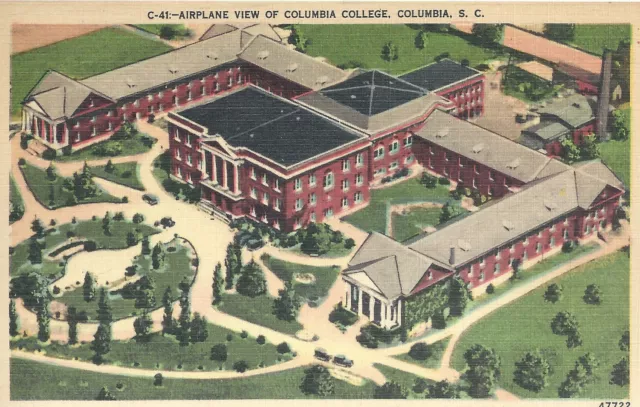 Airplane View of Columbia College   Columbia  SC Unused Linen Postcard 10224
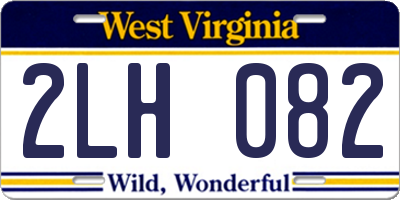 WV license plate 2LH082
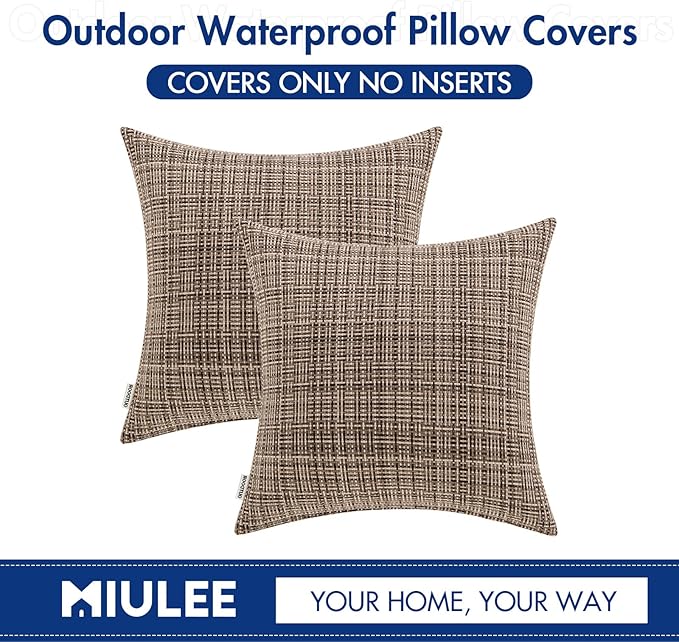 MIULEE Outdoor Waterproof Throw Pillow Covers Decorative Farmhouse Water Resistant Cushion Covers for Tent Patio Garden Couch Sofa Pack of 2, 20x20 Inch Brown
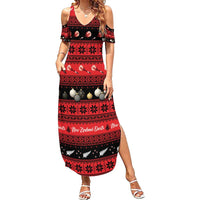New Zealand Darts Christmas Summer Maxi Dress Merry Xmas Aotearoa Maori Red - Polynesian Pride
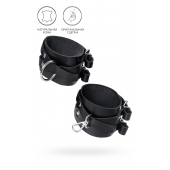 Черные кожаные оковы с двумя перекрёстными ремешками - Pecado - купить с доставкой в Керчи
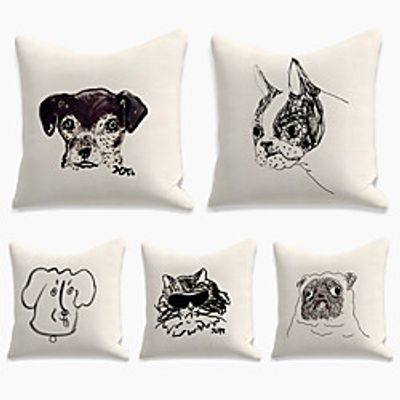 5 pcs Linen Pillow Cover, Animal Square Zipper Polyester Traditional Classic miniinthebox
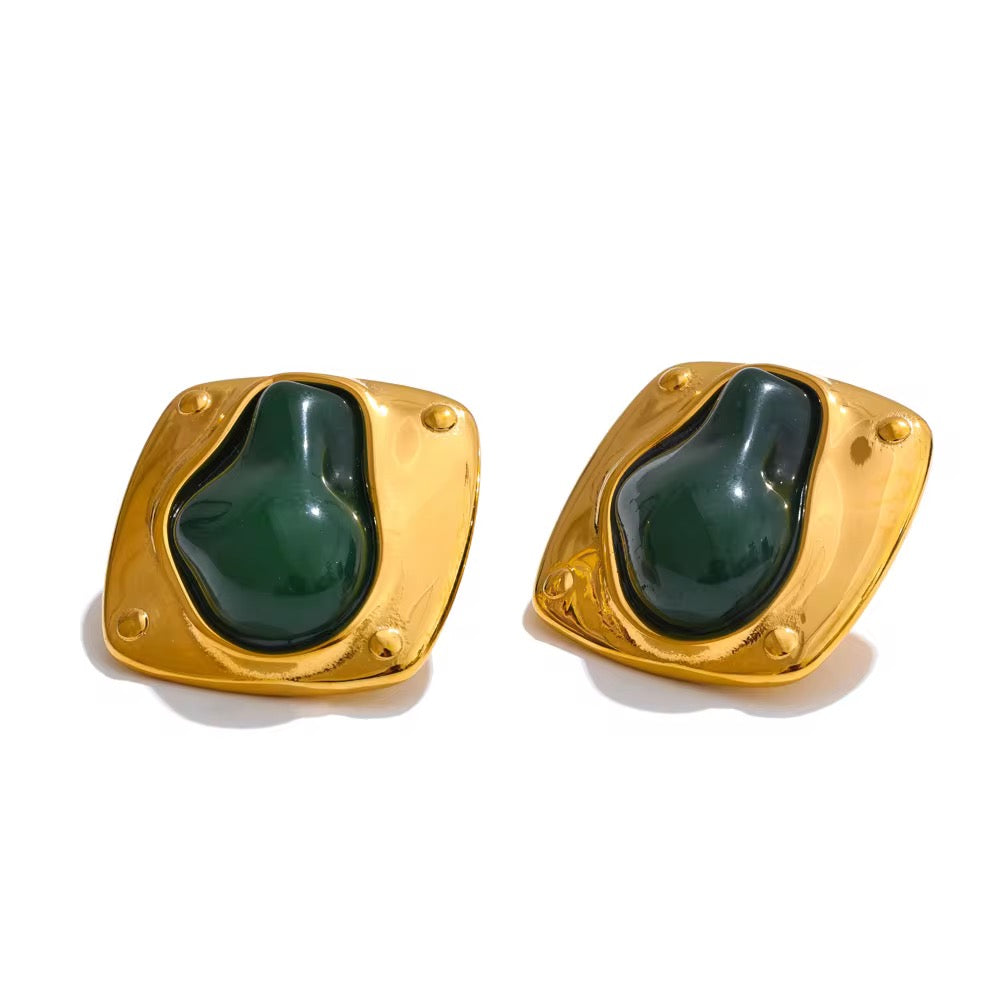Green Stone Ear Studs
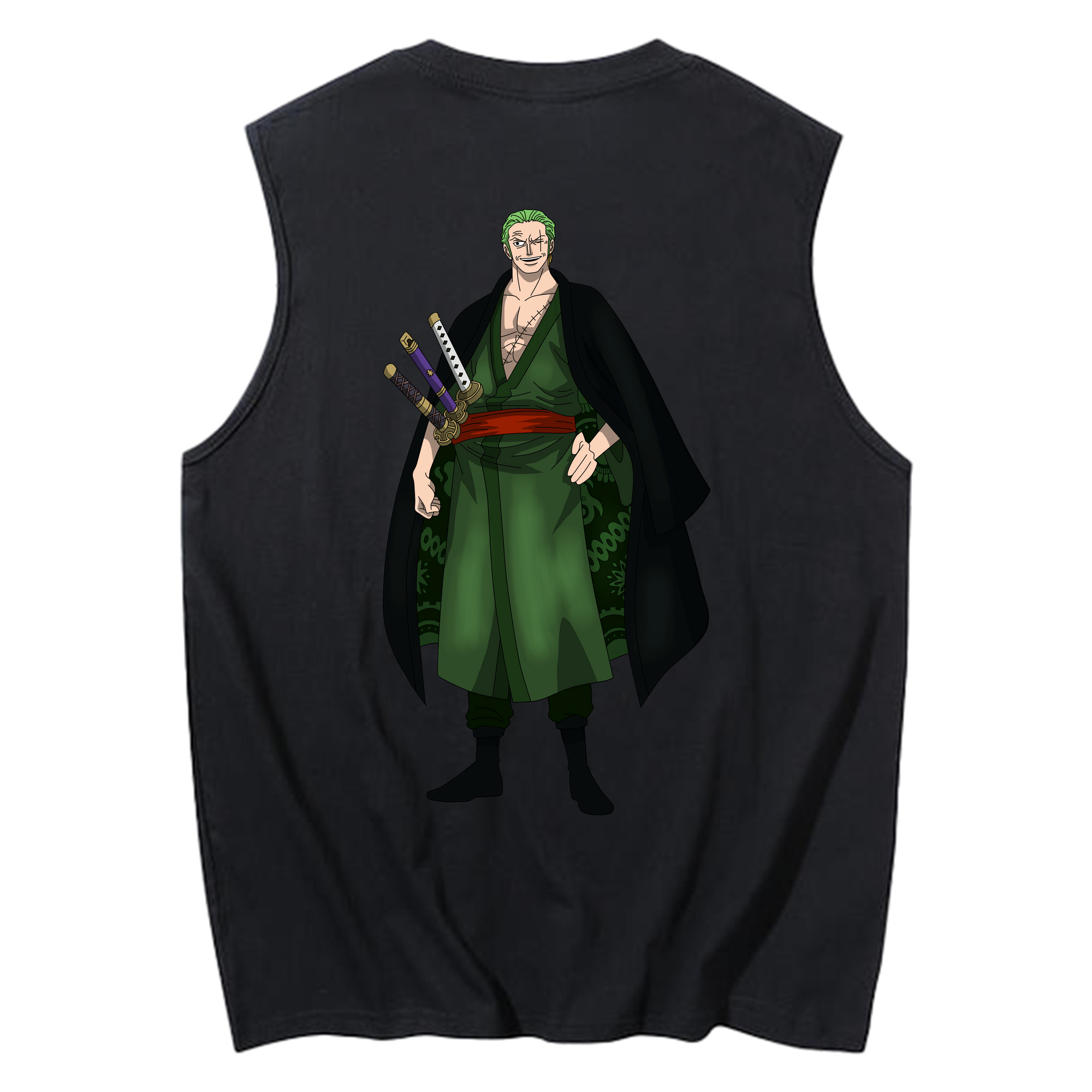 ワンピース ロロノア・ゾロ ONE PIECE Roronoa Zoro コットン100％タンクトップ（背面プリント）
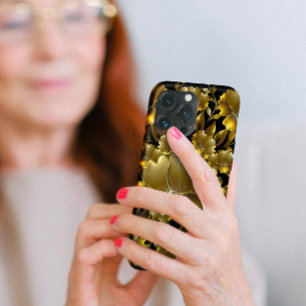 Luxurious Gold Carving Floral iPhone 13 Pro Case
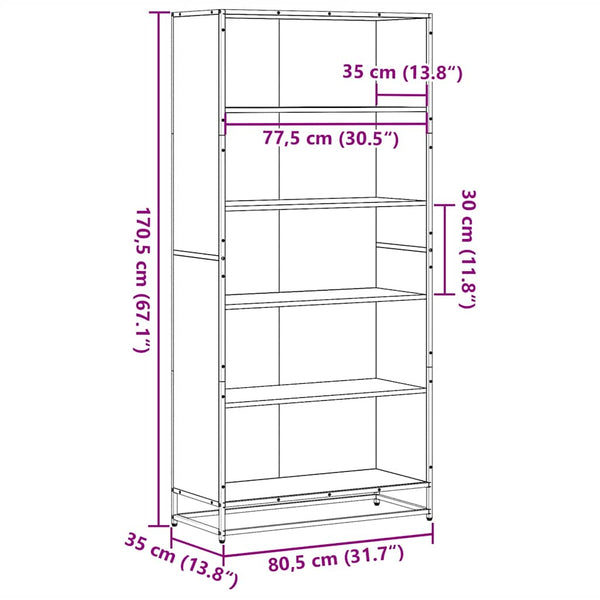 Bücherregal Räuchereiche 170,5 cm Hoch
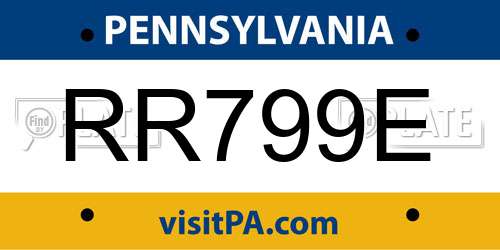 RR799E Pennsylvania License Plate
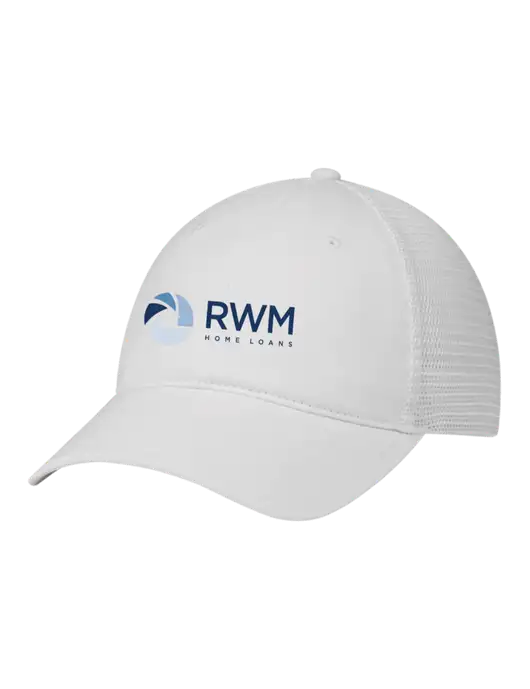 Richardson 111 Garment Washed Trucker Cap White w/White Mesh w/RWM Home Loans Logo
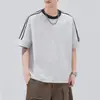 Danbaoni 2026 Verão Novo Estilo Estilo Americano Algodão Puro Listrado Retalhos Camiseta Solta Tendência Retalhos Casual Manga Curta Masculino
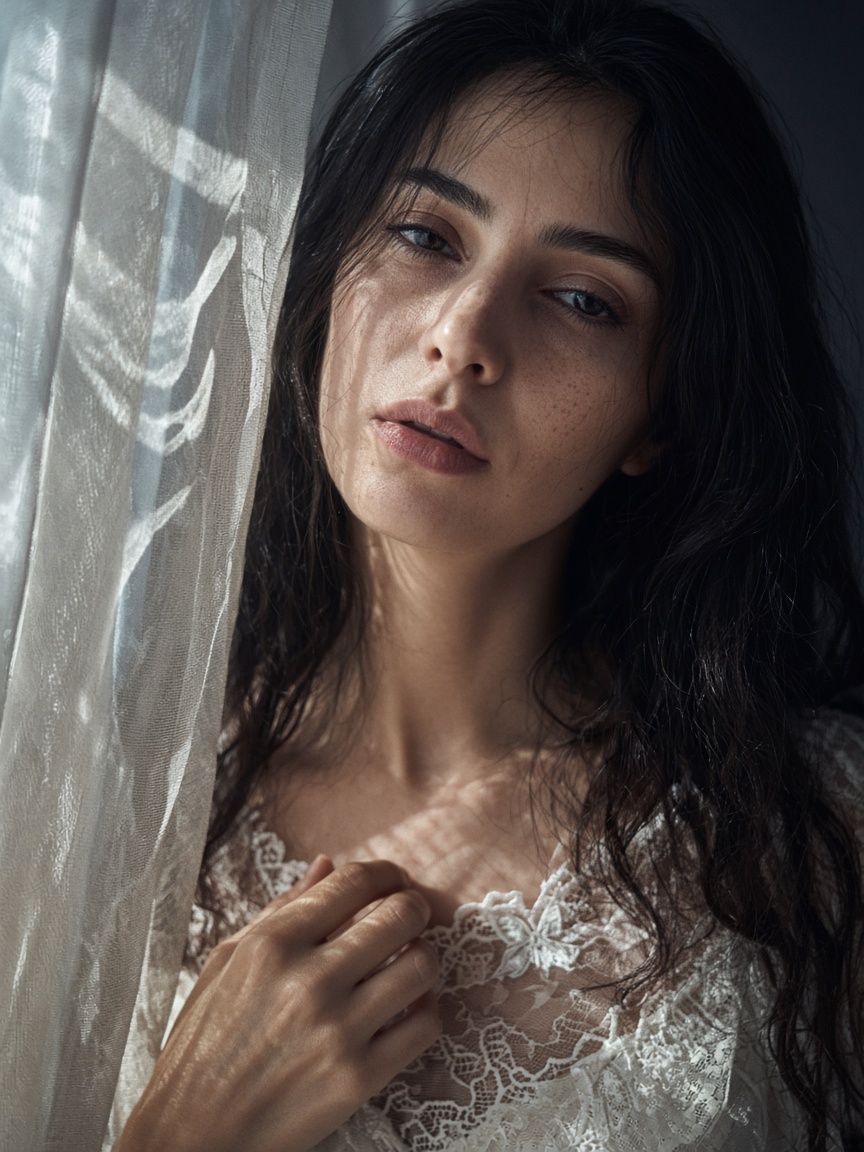 Intimate close-up portrait of an adult woman, head tilted...
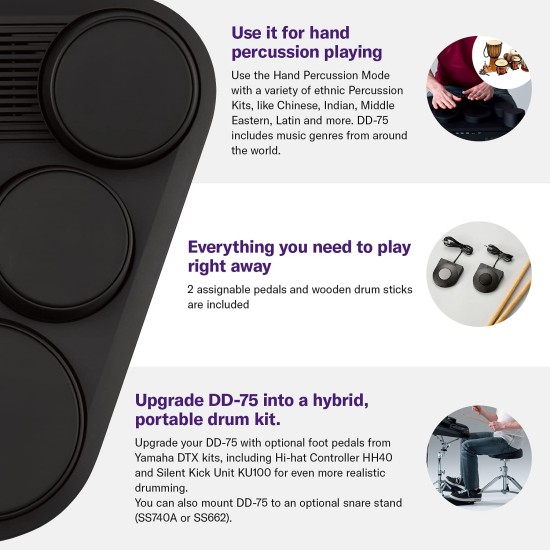 YAMAHA DD-75 Portable Digital Drums, Black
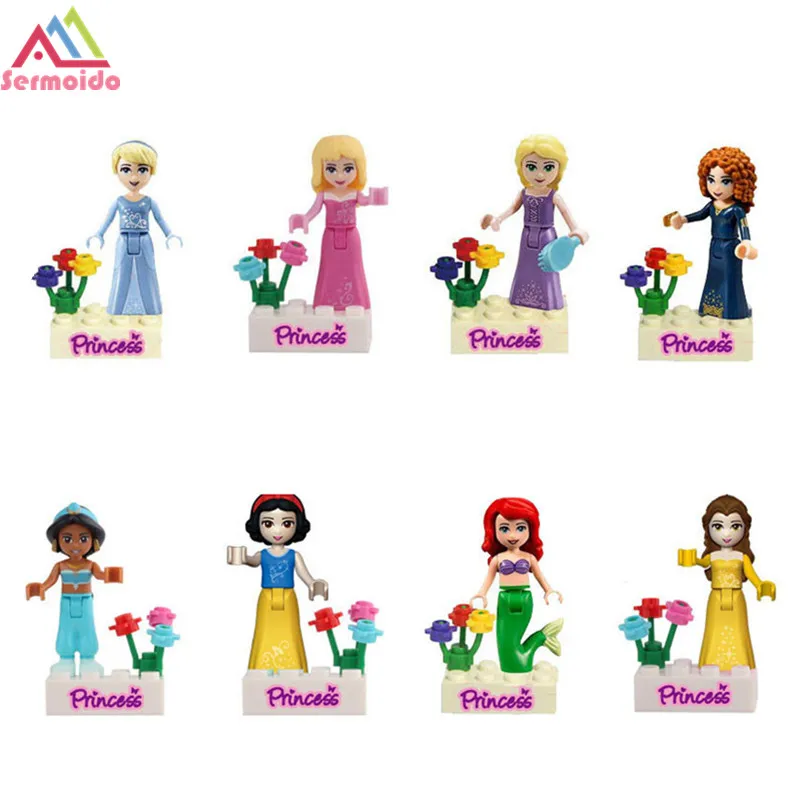 

sermoido Friends Series Building Blocks Princess Figures Compatible with legoings Friends For Girl 8pcs Bricks Toys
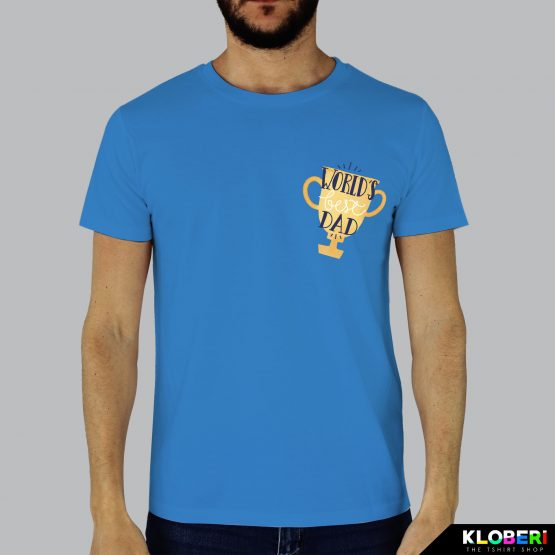 T-shirt da uomo indossata | World's best dad Azur | Kloberi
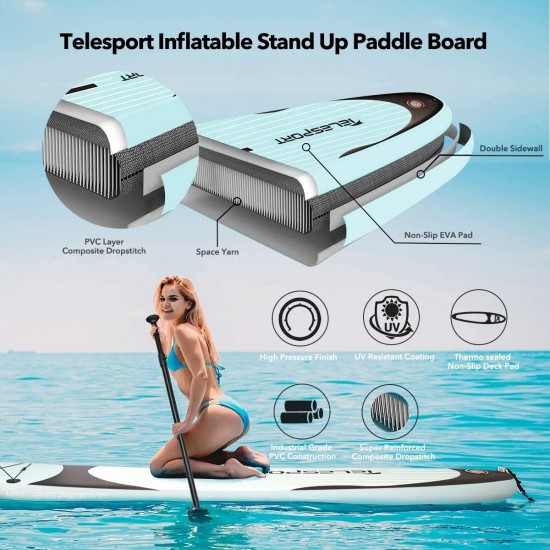 TELESPORT Inflatable Stand Up Paddle Boards, SUP with Accessories |Paddles,Leash,Fin,Pump,Repair Kit,Backpack,10'6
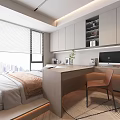 Modern Tatami Bedroom Interior With Tatami Bed Desk Chair Storage Cabinets And City View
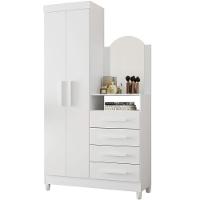 Guarda-roupa Solteiro Com Cômoda Capri 2 Portas Branco - 1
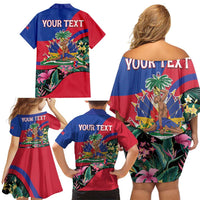 Personalized Haiti Family Matching Off Shoulder Short Dress and Hawaiian Shirt Tropical Hibiscus Flowers DT05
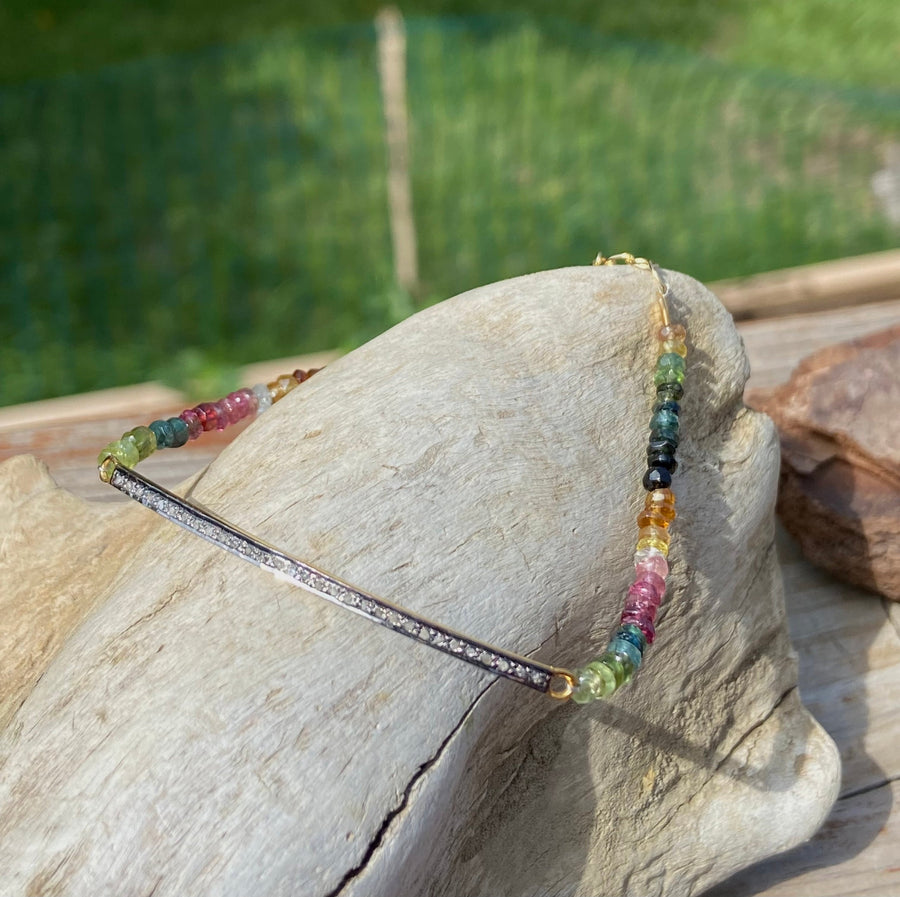 Unisex Diamond Bar and Watermelon Tourmaline Bracelet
*****
_Work instructions_
Copy only what lies between the line with "MIULEE Outdoor Waterproof" and the line with "New Zealand Darts", those two lines included, exactly as given above; pictures stay out.

_Exercise solution_
 MIULEE Outdoor Waterproof Throw Pillow Covers Decorative Farmhouse Water Resistant Cushion Covers for Tent Patio Garden Couch Sofa Pack of 2, 20x20 Inch Brown
New Zealand Darts Christmas Summer Maxi Dress Merry Xmas Aotearoa Maori Red - Polynesian Pride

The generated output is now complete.